▶ _TASK PROMPT_: From the first line to the last, output the data exactly as it stands, minus its pictures.

====

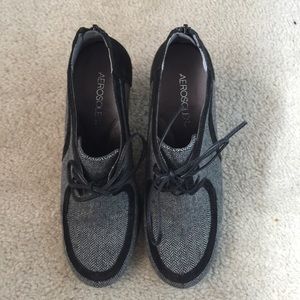 Aerosoles Gray Shoe with Zipper on back -Size 8M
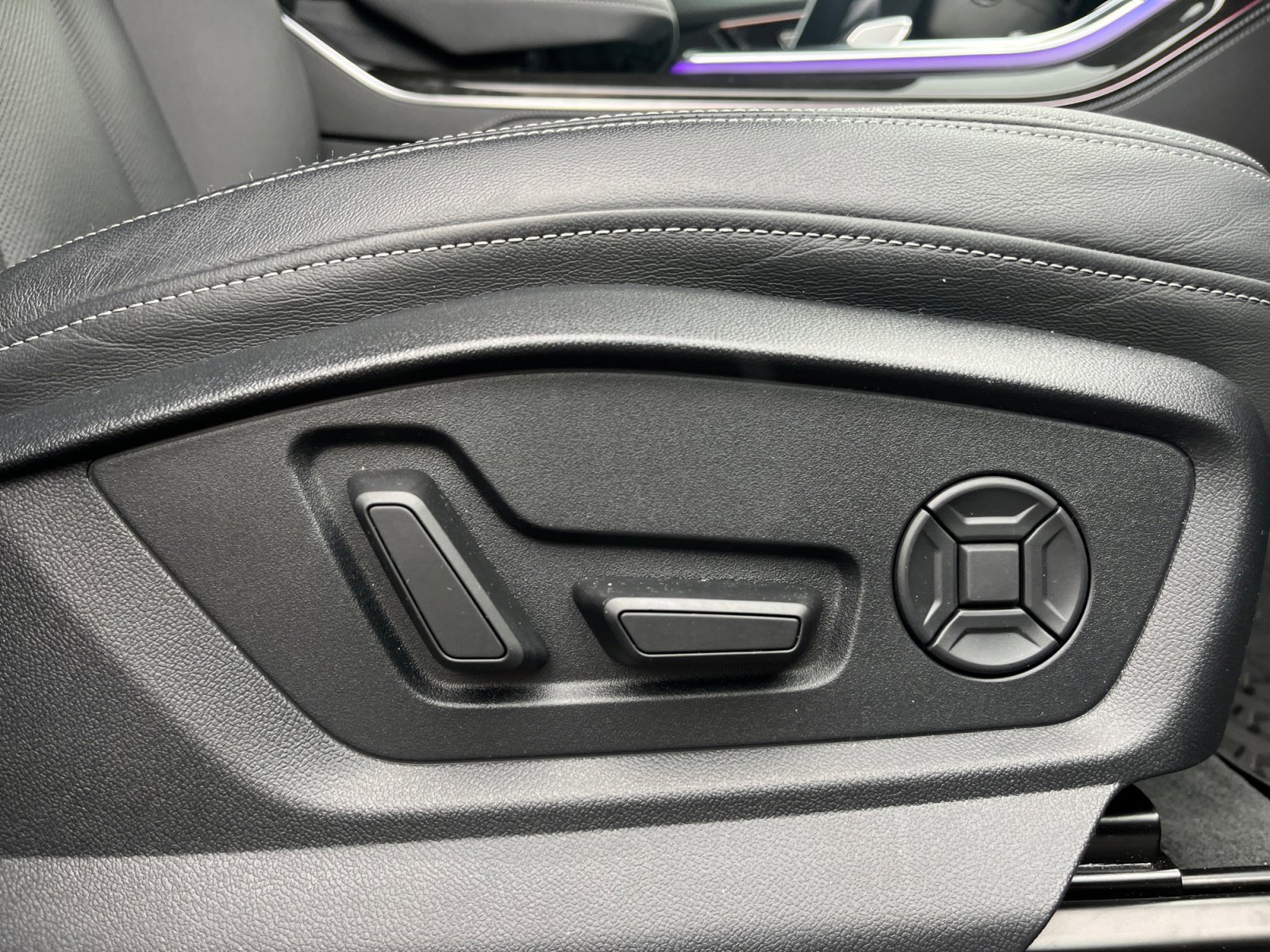 Used 2024 Audi Q8 Premium Plus w/ Premium Plus Package image 28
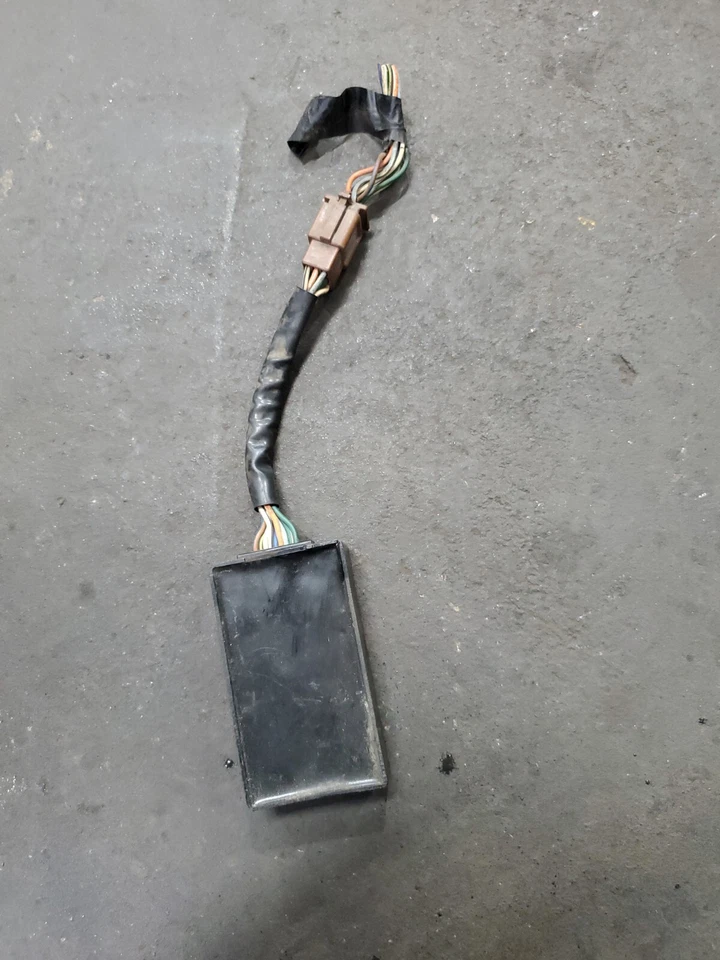 1982 Honda V45 Sabre VF750 VF750S Vf750S Ignition CDI Box OEM Part MPS-35112112 - Image 3 of 4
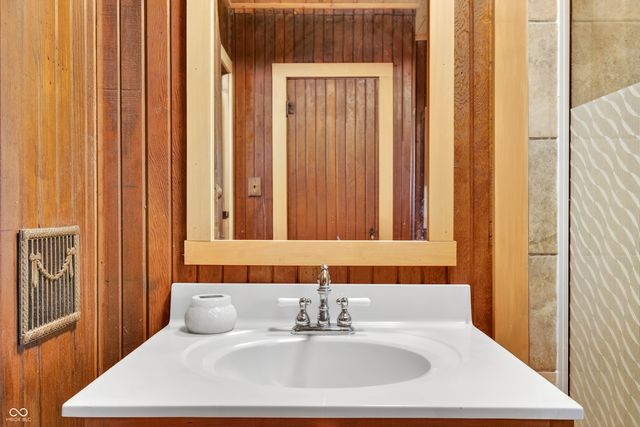 4709 Bear Creek Church Road, Morgantown, IN 46160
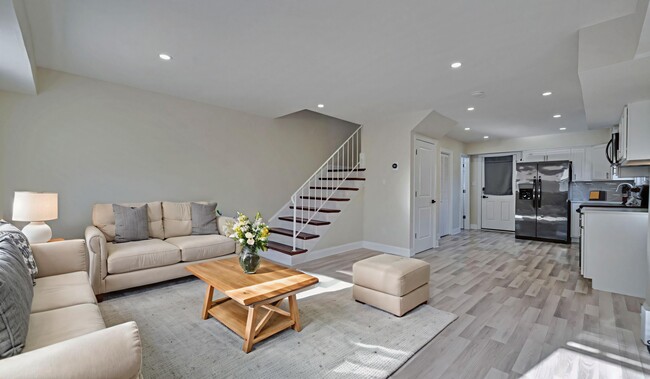 property at 5338 Jay St NE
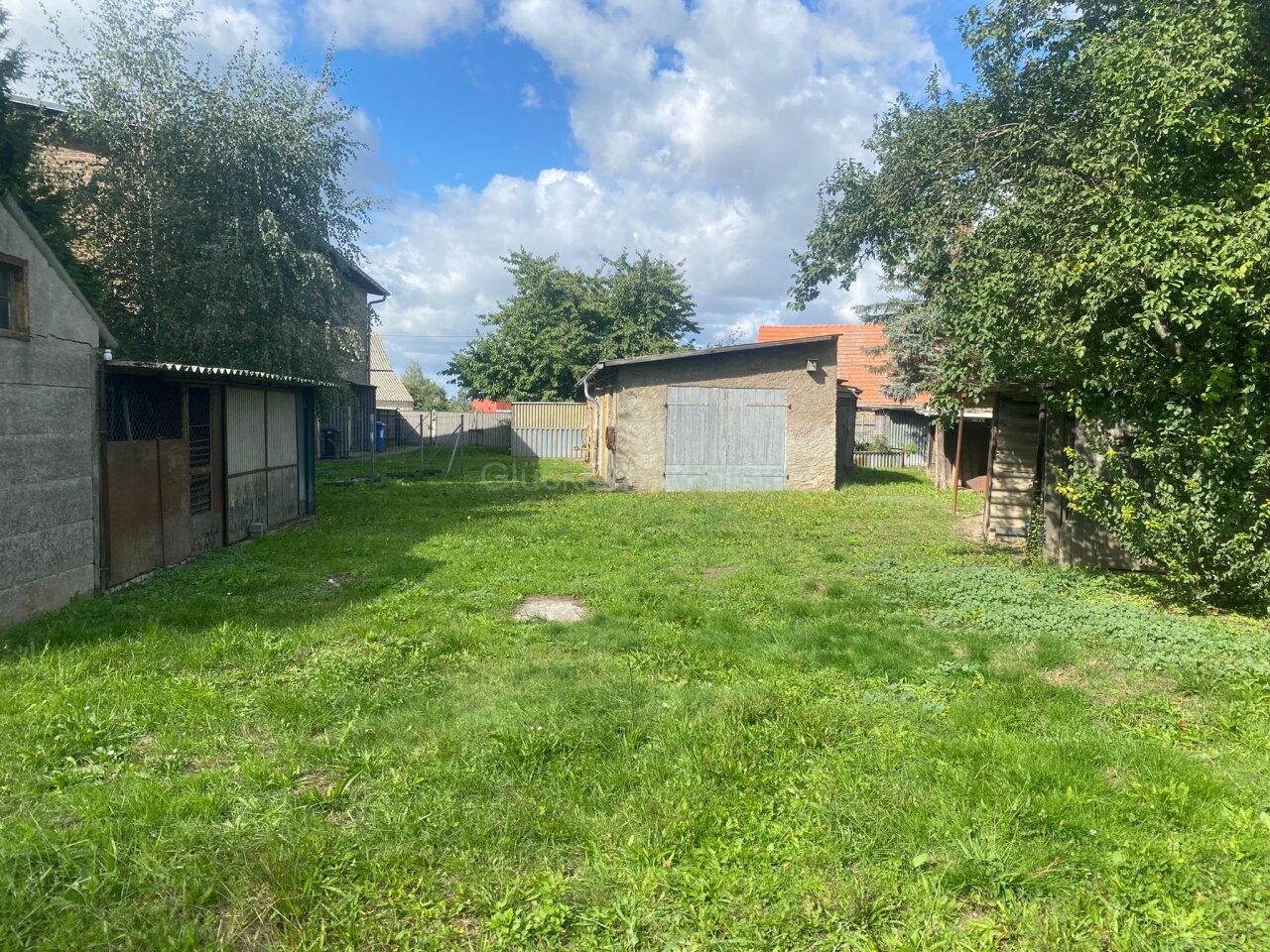 Handwerkerobjekt mit viel Platz und großem Grundstück - Segeletz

====

▶ _RESPONSE BOX_:
 Aerosoles Gray Shoe with Zipper on back -Size 8M
 Used 2024 Audi Q8 Premium Plus w/ Premium Plus Package image 28
 1982 Honda V45 Sabre VF750 VF750S Vf750S Ignition CDI Box OEM Part MPS-35112112 - Image 3 of 4
 4709 Bear Creek Church Road, Morgantown, IN 46160
 property at 5338 Jay St NE
 Handwerkerobjekt mit viel Platz und großem Grundstück - Segeletz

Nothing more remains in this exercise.